I swear, these guys may have my best interests at heart, but they just don’t get the point of New Year’s at all.

Granted, I am just as flawed as they think I am, but New Year’s is simply NOT THE TIME. The fail rate is just too high.

Instead, the only self-improvement anyone needs to make on New Year’s Eve is the one where you look back over the past year and count all the things you did right in 2013.

This is not something I generally do. I like to wake up every day and count the ways I invariably messed up the week before, messed up the day before, and messed up that very day– even though it is only 5:30 a.m.

This is because I have the same brain as everyone else. We humans are wired to constantly scan for areas of improvement because it helps us stay alive and perpetuate the species.

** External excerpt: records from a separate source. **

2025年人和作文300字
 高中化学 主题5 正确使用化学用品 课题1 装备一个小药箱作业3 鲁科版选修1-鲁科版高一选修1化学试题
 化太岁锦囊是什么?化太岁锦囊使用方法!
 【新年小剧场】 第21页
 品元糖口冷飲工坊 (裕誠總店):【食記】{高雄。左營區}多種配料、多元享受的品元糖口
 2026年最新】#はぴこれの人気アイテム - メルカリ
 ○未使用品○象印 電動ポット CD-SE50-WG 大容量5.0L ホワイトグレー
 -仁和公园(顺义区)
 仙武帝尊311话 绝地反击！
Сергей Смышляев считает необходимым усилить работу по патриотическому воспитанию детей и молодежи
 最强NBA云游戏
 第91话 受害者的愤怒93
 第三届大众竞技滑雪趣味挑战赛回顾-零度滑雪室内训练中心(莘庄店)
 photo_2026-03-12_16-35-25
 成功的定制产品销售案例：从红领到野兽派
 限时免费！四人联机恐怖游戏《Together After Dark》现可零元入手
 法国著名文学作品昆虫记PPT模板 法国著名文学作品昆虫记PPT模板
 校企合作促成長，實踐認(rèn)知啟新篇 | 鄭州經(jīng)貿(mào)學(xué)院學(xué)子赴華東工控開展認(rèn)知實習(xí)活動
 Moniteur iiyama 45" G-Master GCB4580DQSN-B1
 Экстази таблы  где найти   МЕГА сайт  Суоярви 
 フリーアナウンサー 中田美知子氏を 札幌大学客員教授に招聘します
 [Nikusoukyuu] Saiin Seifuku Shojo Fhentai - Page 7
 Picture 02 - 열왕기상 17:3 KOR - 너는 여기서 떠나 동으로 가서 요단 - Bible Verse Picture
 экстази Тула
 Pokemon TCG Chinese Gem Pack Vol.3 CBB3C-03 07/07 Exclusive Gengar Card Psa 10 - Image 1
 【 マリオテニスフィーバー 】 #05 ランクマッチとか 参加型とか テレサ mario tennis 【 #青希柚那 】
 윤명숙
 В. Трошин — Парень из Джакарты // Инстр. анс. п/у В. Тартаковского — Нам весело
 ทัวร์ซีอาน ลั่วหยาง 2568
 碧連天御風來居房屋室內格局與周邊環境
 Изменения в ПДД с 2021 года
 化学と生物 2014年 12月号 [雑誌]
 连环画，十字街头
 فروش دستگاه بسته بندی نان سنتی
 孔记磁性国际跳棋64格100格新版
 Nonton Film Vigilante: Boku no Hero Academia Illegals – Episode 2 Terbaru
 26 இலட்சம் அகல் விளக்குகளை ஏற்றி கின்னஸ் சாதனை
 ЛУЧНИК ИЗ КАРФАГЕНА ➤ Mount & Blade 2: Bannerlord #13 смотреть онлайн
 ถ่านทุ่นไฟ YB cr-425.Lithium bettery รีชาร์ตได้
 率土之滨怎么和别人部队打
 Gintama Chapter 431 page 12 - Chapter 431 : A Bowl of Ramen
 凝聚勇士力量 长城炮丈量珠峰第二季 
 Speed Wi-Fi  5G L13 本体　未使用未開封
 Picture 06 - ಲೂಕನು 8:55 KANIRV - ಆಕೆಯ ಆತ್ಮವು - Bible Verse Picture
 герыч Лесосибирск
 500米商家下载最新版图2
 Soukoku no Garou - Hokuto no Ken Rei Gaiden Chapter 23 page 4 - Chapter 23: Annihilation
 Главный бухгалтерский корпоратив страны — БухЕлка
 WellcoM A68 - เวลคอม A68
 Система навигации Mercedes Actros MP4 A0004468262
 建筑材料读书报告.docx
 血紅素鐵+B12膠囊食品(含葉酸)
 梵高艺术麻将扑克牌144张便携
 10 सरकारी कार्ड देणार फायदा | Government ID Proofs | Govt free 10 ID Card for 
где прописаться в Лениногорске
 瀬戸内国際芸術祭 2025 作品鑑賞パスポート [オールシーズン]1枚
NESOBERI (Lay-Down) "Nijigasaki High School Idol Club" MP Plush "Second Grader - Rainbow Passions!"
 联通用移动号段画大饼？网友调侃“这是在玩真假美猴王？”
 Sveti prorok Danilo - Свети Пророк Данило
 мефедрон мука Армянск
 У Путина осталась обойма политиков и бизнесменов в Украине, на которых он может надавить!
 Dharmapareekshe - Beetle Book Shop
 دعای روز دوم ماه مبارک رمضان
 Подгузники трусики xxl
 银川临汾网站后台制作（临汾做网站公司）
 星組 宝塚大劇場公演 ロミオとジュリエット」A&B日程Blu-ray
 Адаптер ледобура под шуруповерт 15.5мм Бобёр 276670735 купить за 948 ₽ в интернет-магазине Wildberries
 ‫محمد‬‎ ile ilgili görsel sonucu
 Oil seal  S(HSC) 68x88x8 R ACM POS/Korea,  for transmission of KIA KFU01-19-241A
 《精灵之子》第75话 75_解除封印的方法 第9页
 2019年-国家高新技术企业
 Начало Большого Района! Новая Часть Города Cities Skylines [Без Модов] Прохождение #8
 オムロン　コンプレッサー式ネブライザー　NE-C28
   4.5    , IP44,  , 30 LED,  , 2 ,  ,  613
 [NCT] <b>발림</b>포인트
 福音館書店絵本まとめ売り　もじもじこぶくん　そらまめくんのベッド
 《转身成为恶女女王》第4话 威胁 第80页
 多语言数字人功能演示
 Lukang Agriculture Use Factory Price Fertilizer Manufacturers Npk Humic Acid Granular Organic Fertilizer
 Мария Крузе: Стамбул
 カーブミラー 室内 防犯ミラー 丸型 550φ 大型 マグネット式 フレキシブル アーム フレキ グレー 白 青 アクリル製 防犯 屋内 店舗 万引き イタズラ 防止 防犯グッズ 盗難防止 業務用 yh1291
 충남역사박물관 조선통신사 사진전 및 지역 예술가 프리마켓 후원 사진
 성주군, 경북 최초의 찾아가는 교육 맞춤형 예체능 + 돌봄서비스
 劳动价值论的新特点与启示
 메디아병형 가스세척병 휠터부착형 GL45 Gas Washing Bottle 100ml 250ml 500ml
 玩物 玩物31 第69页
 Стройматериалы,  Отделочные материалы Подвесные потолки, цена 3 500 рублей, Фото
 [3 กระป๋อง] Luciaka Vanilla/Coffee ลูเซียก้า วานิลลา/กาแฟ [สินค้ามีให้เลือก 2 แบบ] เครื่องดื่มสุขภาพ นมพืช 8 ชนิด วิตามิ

We are biologically designed to rewind our run-in with a sabre-tooth tiger the day before so that we do not run into a sabre-tooth tiger again today.

Most of the time, that works exactly how it is supposed to work. Yet it can make us feel like we are perpetually being chased by sabre-toothed tigers.

That’s why we have New Years. Because we are supposed to look back over the calendar of the old year and feel surprised at just how much we did right.

I’ll bet you attended a bazillion meetings. I bet you woke up on time for work hundreds of times. I’ll bet you went to the dentist once or twice and got shots for your dog and made your mother happy at least once.

If you have kids, I’ll bet you fed them and I’ll bet they grew. I’ll bet you have driven them to Mommy and Me classes or speech therapy or trumpet lessons or football practice or dance recitals or job interviews. I’ll bet you reminded them to brush their teeth more than 700 times this week alone.

If you are military, I might put money on the fact that half of you have moved this year, touched every item you possessed and had to find someone new to cut your hair. I’ll bet the deployment you finished in 2013 might have already begun to fade–even as the next one looms.

If you have had a tragedy in your family this year (and every family has their years of tragedy), you have already started the incredible work of experiencing tragedy and living with tragedy and moving through tragedy. That work is huge and you already started.

The little things we finish every day are easily forgotten, lost in the maelstrom of all that is left to do. When you look back over a year and think of all the things you did right, there is a little power in that—the kind that propels you forward into the next year.